[DATA SECTION Boundary: Start]

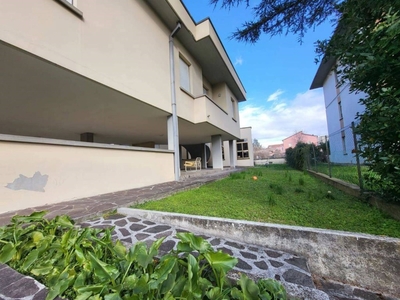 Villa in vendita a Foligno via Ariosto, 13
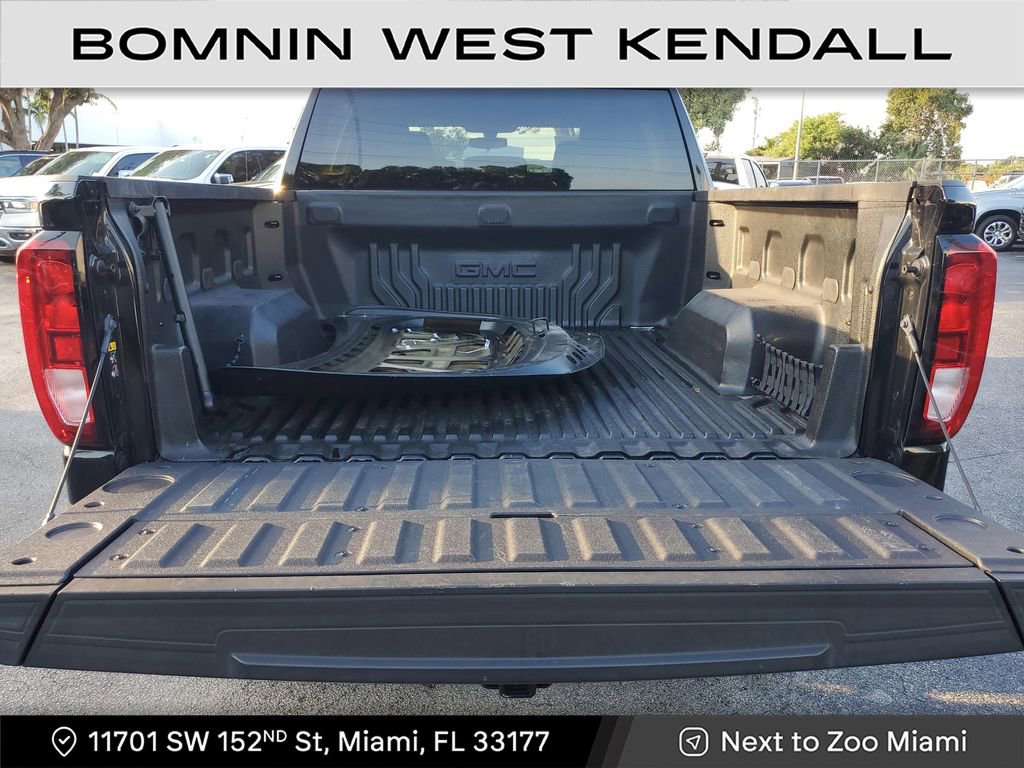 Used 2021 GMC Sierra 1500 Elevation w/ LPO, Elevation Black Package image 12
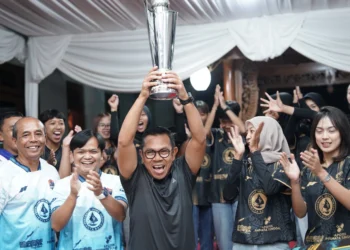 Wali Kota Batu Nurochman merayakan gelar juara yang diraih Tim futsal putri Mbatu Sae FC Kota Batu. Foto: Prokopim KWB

[DATA SECTION Boundary: End]

:: EXERCISE GOAL ::
Skip all pictures. Then give again, exactly, each line from the line holding "Used 2021 GMC" through the last line of the listing above, both ends included.

:: EXERCISE ANSWER ::
 Used 2021 GMC Sierra 1500 Elevation w/ LPO, Elevation Black Package image 12
 Wali Kota Batu Nurochman merayakan gelar juara yang diraih Tim futsal putri Mbatu Sae FC Kota Batu. Foto: Prokopim KWB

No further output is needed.